**Problem description**
Transcribe the entries below without changing a word, and omit every picture.

**Excerpts from a dataset**
|---|
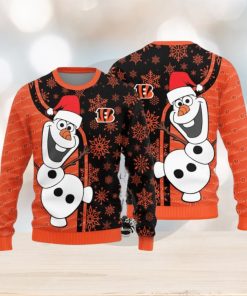 Cincinnati Bengals Olaf Christmas Funny Knitted Sweater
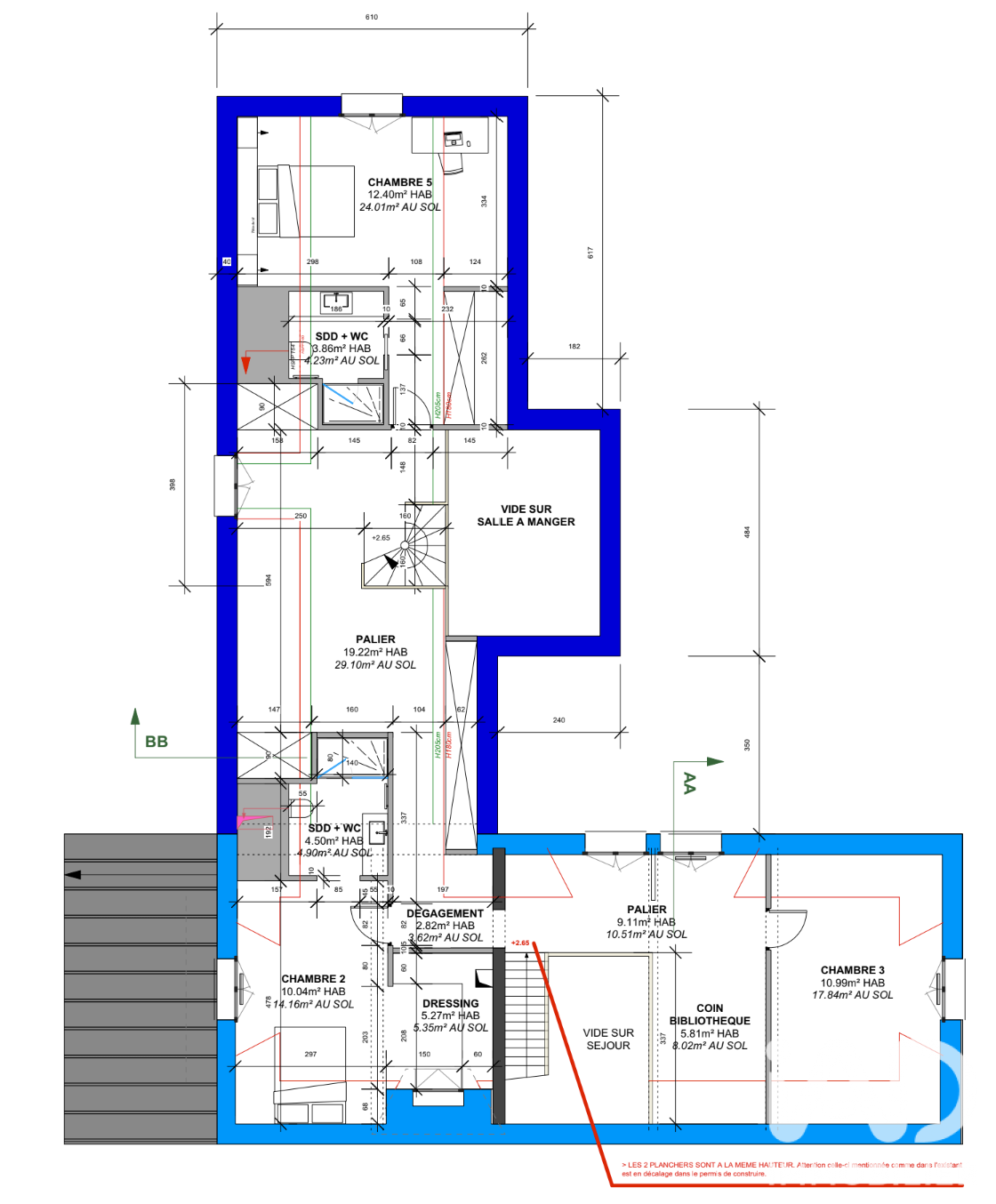 Vente maison à Saint-Martin-des-Champs (78790) : maison de campagne 8 pièces 223 m² - 2105348 — 18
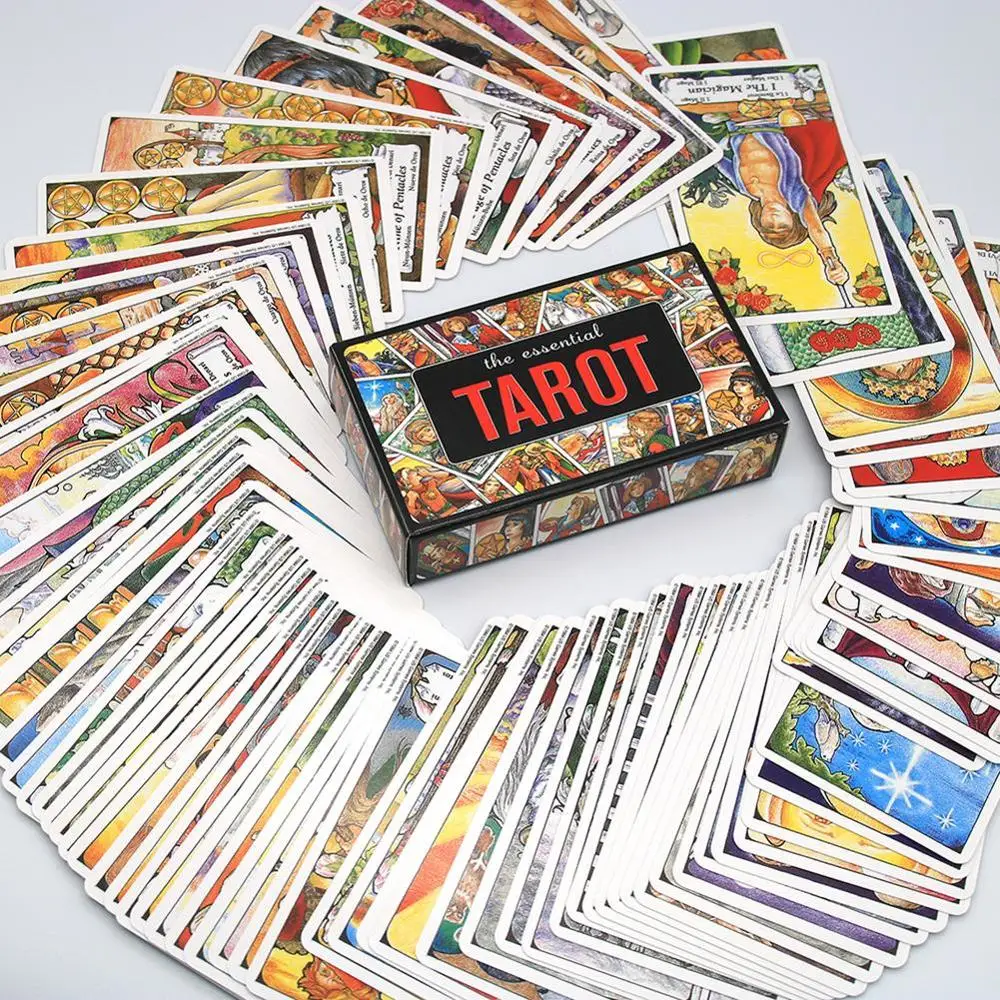 78pcs The Essential Tarot Deck Cards Game гадания Book and Card Set разблокировка секретов древнего и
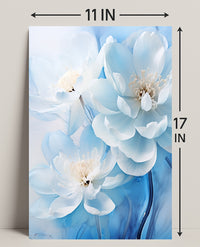 Blossoms In Blue Poster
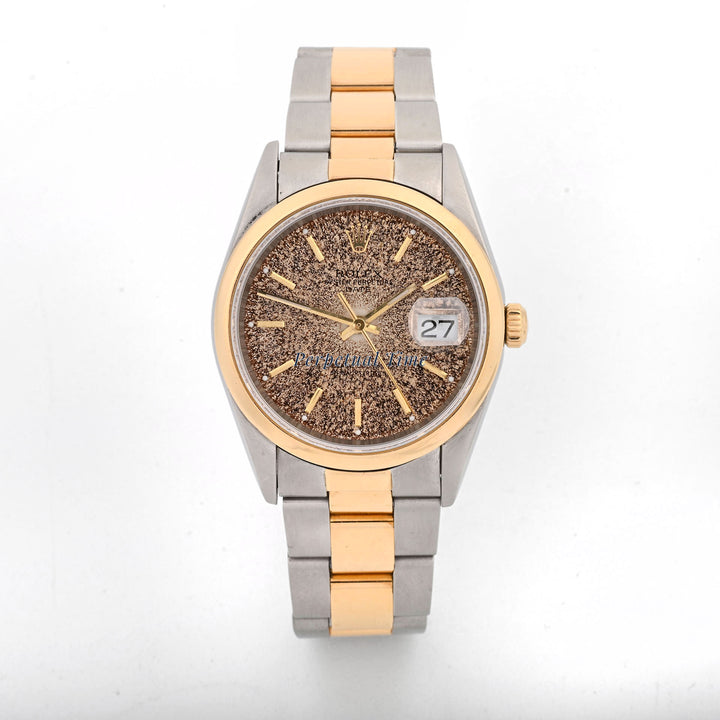 Rolex Oyster Perpetual Date Original Stick Dial Dial on Oyster band 15203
|---|
**Result of this task**
 Cincinnati Bengals Olaf Christmas Funny Knitted Sweater
 Vente maison à Saint-Martin-des-Champs (78790) : maison de campagne 8 pièces 223 m² - 2105348 — 18
 78pcs The Essential Tarot Deck Cards Game гадания Book and Card Set разблокировка секретов древнего и
 Blossoms In Blue Poster
 Rolex Oyster Perpetual Date Original Stick Dial Dial on Oyster band 15203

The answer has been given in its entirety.